The new Volkswagen Scout brand is expected to be the first to make use of the technology developed through the joint venture, CEO Scott Keogh said following the debut of the subsidiary’s recent debut.
It will launch production of its first models, the Terra pickup and Traveler SUV, sometime in 2026, Keogh said during a media preview in the Nashville suburbs. Scout’s EVs will be assembled at a new plant in South Carolina.
What the deal won’t do
There had been some speculation that the two new partners might take things to the next level. But they stressed that they are not planning to work together on other aspects of vehicle development – such as drivetrain components – and won’t jointly develop or build products.
That, at least, is the current plan, though some observers said they wouldn’t be surprised if the partners look at other opportunities going forward – especially if Rivian’s fortunes don’t improve.
In its third-quarter financial disclosure, Rivian noted that its revenues fell to $874 million, down from $1.3 billion during the same period a year earlier. It did manage to reduce net losses to $1.1 billion, however, from the year-earlier $1.4 billion.

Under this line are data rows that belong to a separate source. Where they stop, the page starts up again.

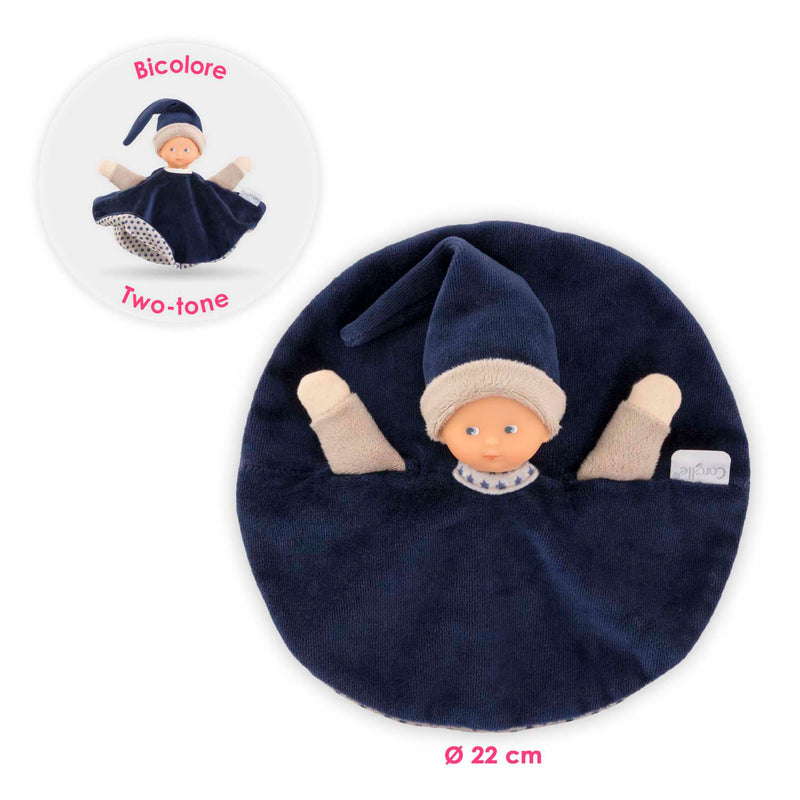 Afbeelding laden in galerijviewer, Corolle knuffeldoek - marineblauw babydoekje 17cm - zacht speelgoed.
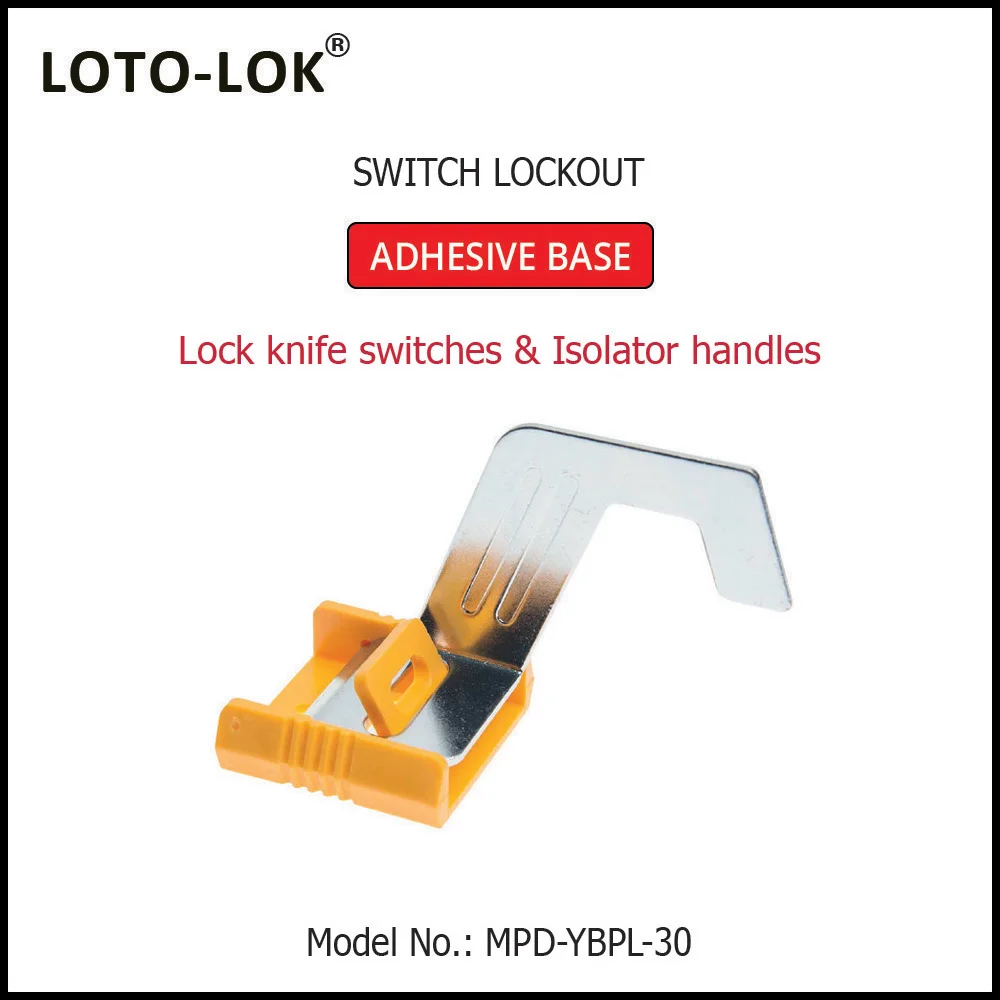 Switch Lockout Device – Panel Lockout with Adhesive Base. Color: Yellow. Model No: MPD-YBPL-30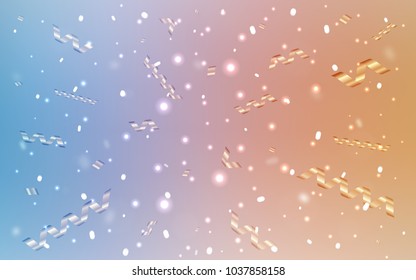 Light Blue, Yellow vector cover with happy holiday ribbons. Modern geometrical abstract illustration with carnival ribbons. The pattern can be used for birthday gifts, congratulations.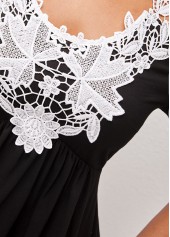 Cold Shoulder Lace Patchwork Black T Shirt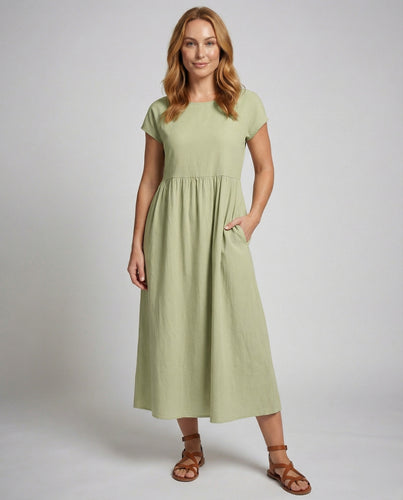 Damen nan A-Linien Midikleid mit Empire-Taille, kurzen Ärmeln und praktischen Seitentaschen R&B
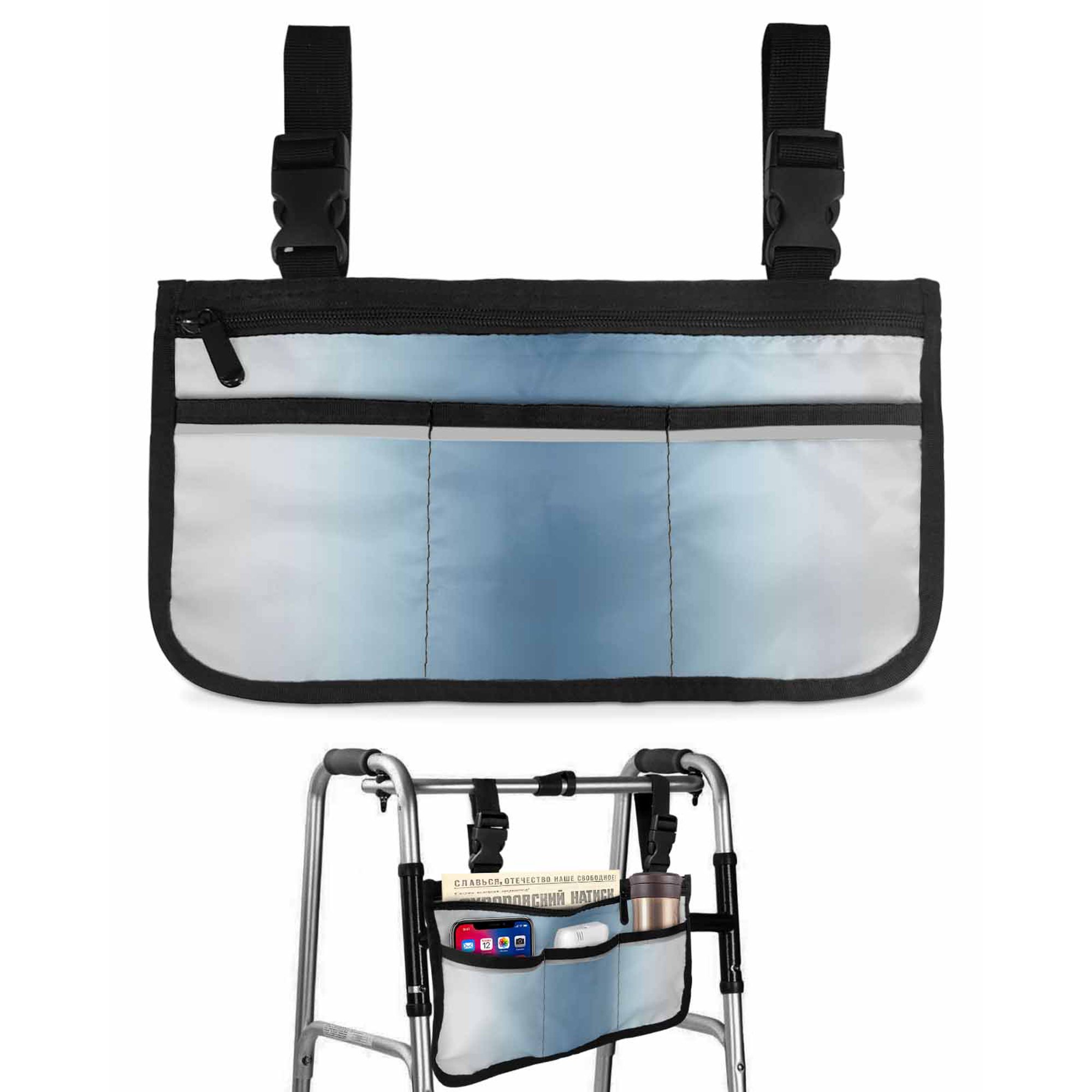 Light Blue Grey Ombre Wheelchair Side Bag Walk Bag Basket, Modern Abstract Art Gradient Wheelchair Accessories Armrest Pouch, Organizer Storage Bags for Walkers, Rollators, Scooters, 7.3"x13"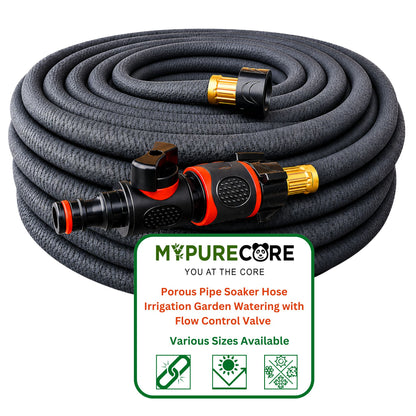 Porous Soaker Hose Irrigation Kit with Flow Control Valve | Flexible Garden Watering Hose Root Irrigation System | 7.5m - 30m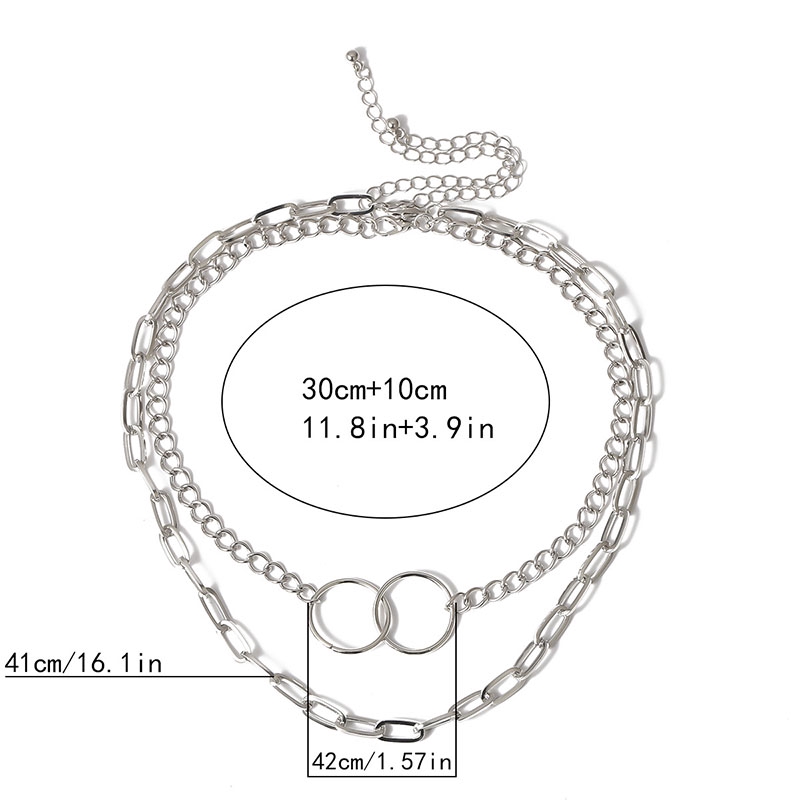 Vòng cổ choker nhiều lớp mặt hình vòng tròn thời trang cho nữ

But it has seen its cash horde dwindle, dipping to just $5.4 billion at the end of September 2024.
In a note to investors, Susannah Streeter, head of money and markets at Hargreaves Lansdown, said she saw the closing of the VW investment as a “vote of confidence in (Rivian’s) prospects, as support for EVs in the U.S. faces a more uncertain future, given Trump is returning to the White House.”
Rivian shares jumped as much as 20% following the announcement before settling back slightly. They closed Wednesday at $12.03, the highest level since mid-September – but still well behind the automaker’s 52-week high of $24.62.